# Extension Apple TV



## TRN (5 Mai 2007)

bonjour

suis tres interressé par l'Apple TV mais encore bcp de limites

en avez vous franchi ?  comment ?

merci a tour

lecture Divx,  Tuner TNT ..... et autres

merci a vous


----------



## Galphanet (18 Juin 2007)

Salut,
J'ai bien modifié le mien, tout marche bien c'est un vrai petit Mac 

Suffit d'aller sur l'excellent awkwardtv.org


----------



## steflevrai (24 Juin 2007)

hello,

Je viens juste de l'acheter, j'hésitais (divx, bridé, etc..), mais bon.
Je suis trop content de pouvoir me passer de mes 300 CD, ils tiennent tous dans l'apple TV.
L'interface st vraiment sympa, et je redécouvre des albums que je n'avais pas écouté depuis 15 ans...

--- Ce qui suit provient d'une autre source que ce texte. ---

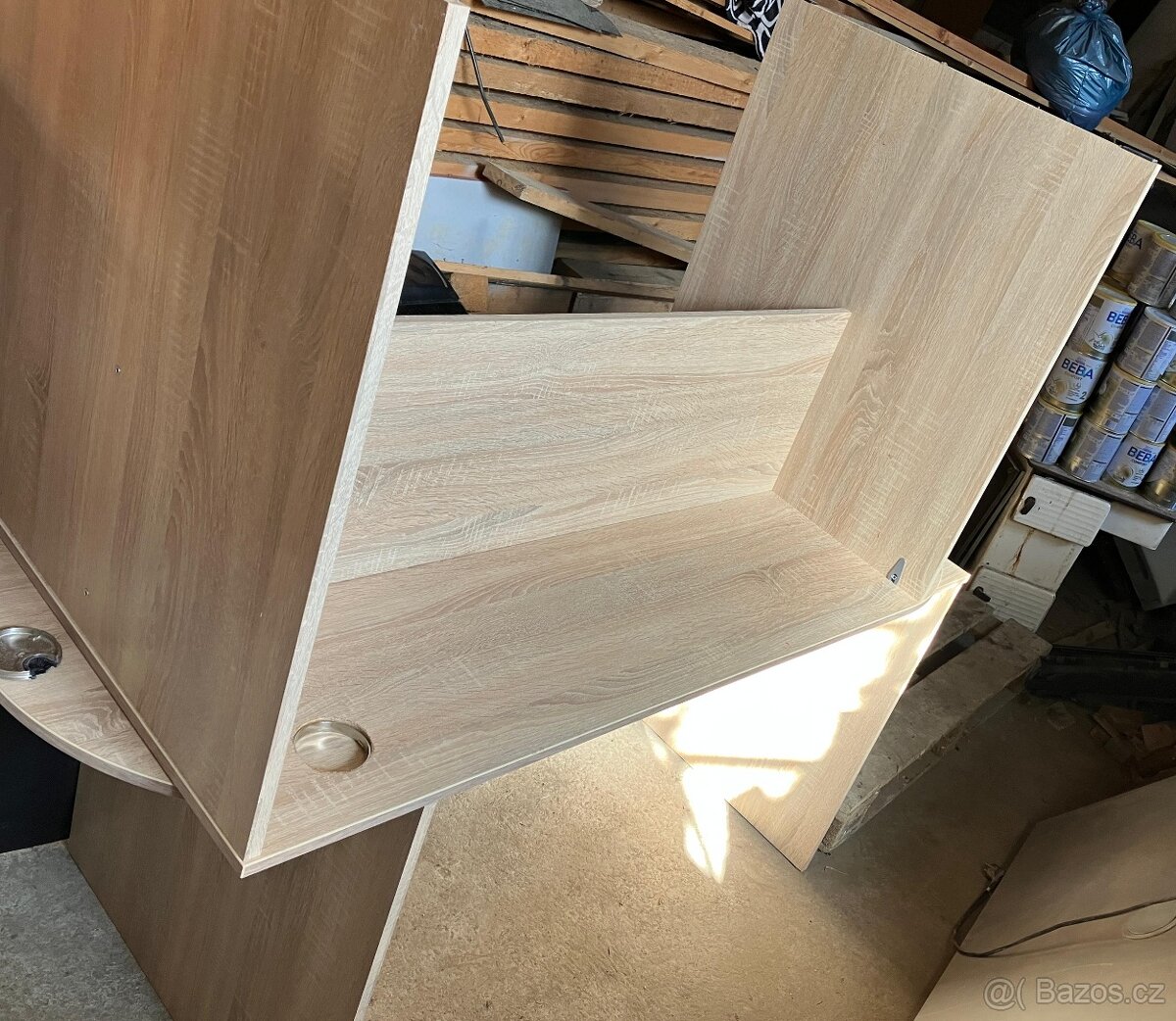 Kancelářské stoly s židlemi + konferenční stůl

Le seul Bémol, c'est que l'apple TV apparait en noir et blanc sur ma TV, en effet il faut vraiment un cablage vidéo de bonne qualité.
Je viens juste de finir les tests.

Bref j'en suis vraiment trés content.

Stéphane


----------



## steflevrai (24 Juin 2007)

Merci pour le tuyau sur les divx et l'apple TV, mais le liens que tu nous signales est en english.
Mais je suis assez faché avec l'anglais, peux-tu nous faire un petit résumé dans les grandes lignes des modifications à faire STP.

Merci d'avance

Stéphane


----------



## Galphanet (4 Juillet 2007)

steflevrai a dit:


> Merci pour le tuyau sur les divx et l'apple TV, mais le liens que tu nous signales est en english.
> Mais je suis assez faché avec l'anglais, peux-tu nous faire un petit résumé dans les grandes lignes des modifications à faire STP.
> 
> Merci d'avance
> ...



Ouaip, c'est fait, regarde un peu


----------